After she is involved in a horrific car accident, Mia (Chloe Grace Moretz) flashes back over her life, and the people in it, as she has to decide whether to fight for her life, or simply slip away.
Based on yet another YA novel, If I Stay actually tries to deal with an interesting theme; what we do when those we love have been taken from us, and life as we know it has been utterly changed. This is the challenge that faces young Mia after her family is involved in a deadly car crash but, unlike most of the world, she is aware of the choice that she faces, and the consequences of the decision she makes.
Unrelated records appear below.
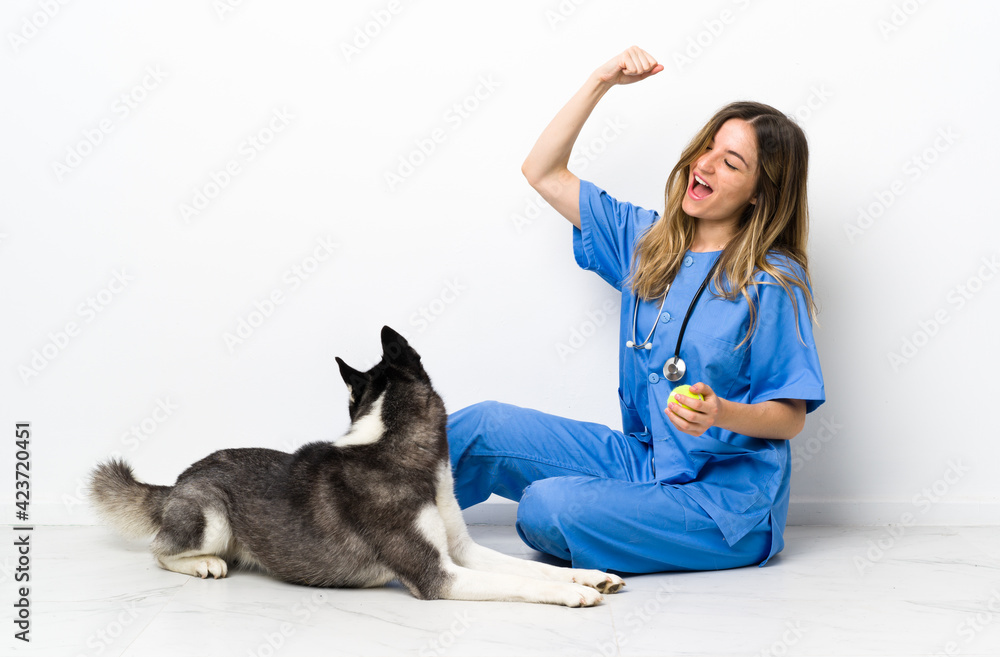 Veterinary doctor with Siberian Husky dog sitting on the floor celebrating a victory Veterinary doctor with Siberian Husky dog sitting on the floor celebrating a victory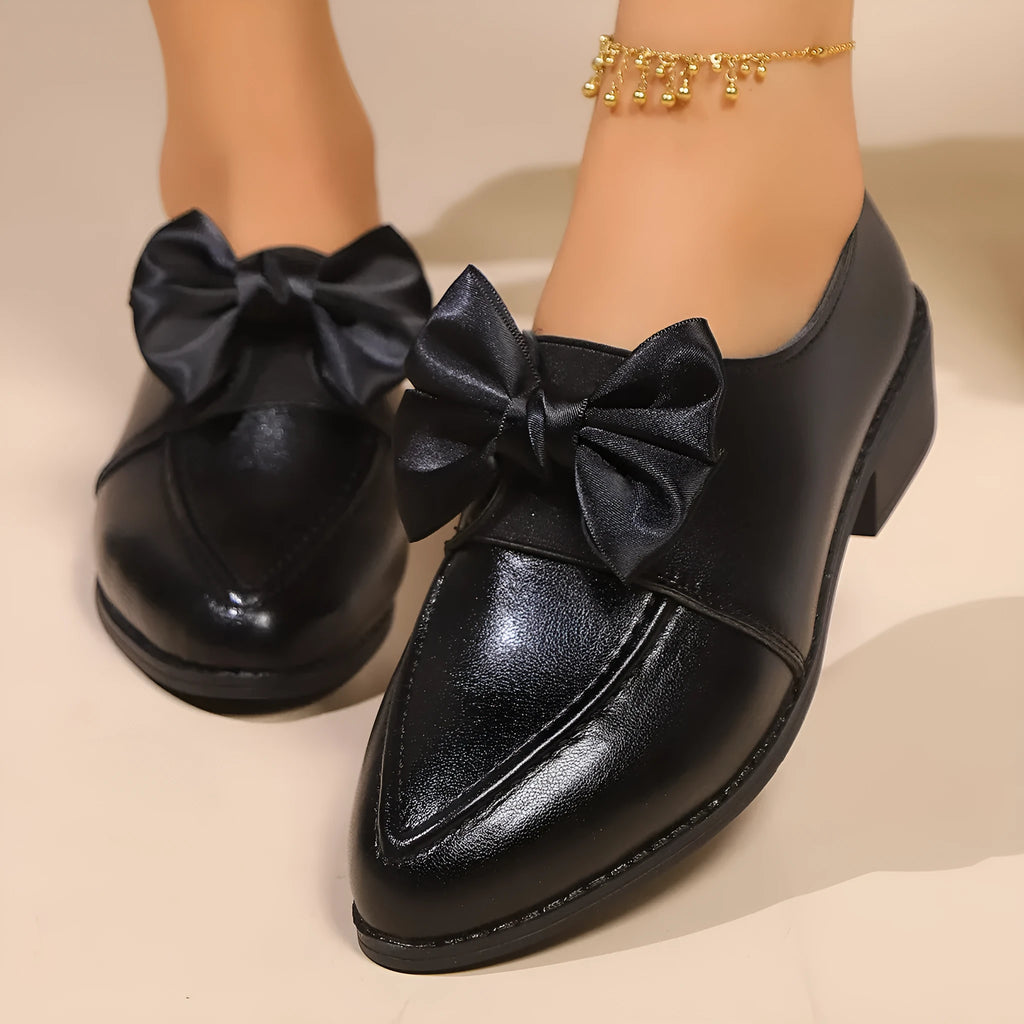Women's British-style flat shoes with bow detail, pointed toe, and rubber sole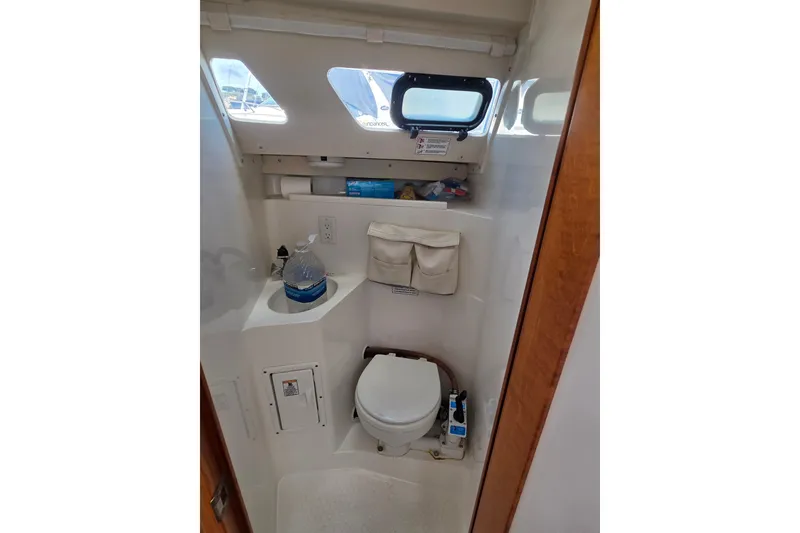 Slide: The Image of 1999 Catalina 270 boat bathroom with toilet, sink, and storage compartments. - 22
Chloe Grace Moretz has proven time and again that she is capable of great performances, so Mia is not really a stretch for the actress; she manages the character well, making her likeable and relatable, while capturing the feel of first love and first heartbreak. Jamie Blackley makes Adam – the love interest – a well rounded and engaging character, and for the first time in what feels like forever, the relationship between these two characters actually feel as though it is well balanced and they are allowed to be each other’s equal. The rest of the cast is made up of Mirielle Enos as Mia’s mum Kat, Joshua Leonard as Mia’s father Denny, Stacey Keach as Mia’s grandfather and Liana Liberato as Kim.
The story is really rather straightforward; young couple breaks up only to be brought back together as one of them is on the brink of death, but telling the tale backwards – as Mia flashes back over her life – makes a familiar yarn that little bit more engaging. There is nice chemistry between the two leads, and their passion for their lives apart from one another is the cause of most of their passion and most of their arguments. That said, the dialogue is rather forgettable – although there are some lines that are incredibly cringey – and there are times when the audience is left to wonder whether striving to live for the sake of an ex-boyfriend is really a life worth living. However, this is a tween romance, so there is bound to be angst and some odd decisions.
Director RJ Cutler doesn’t really leave a lasting impression on the film, other than allowing the schmaltz and perfect lives of the characters to take centre stage. The ‘ghost’ element of the story weakens the tale, as does the thin examination of Mia’s life and her reasons for living. There are moments that tug on the heartstrings, but these mostly come too late to save the film from falling victim to its own saccharine.
In all, If I Stay tries to be a different approach to a love story, but ends up being too sweet, too thin and too reminiscent of Love Story. Moretz and Blackley do well, but If I Stay is not the story that is going to restore our faith in love, rather it celebrates the idea that we, as people, feel the need to keep fighting for life. This is not a bad message by any stretch of the imagination, but it is perhaps not the one that the film set out to convey.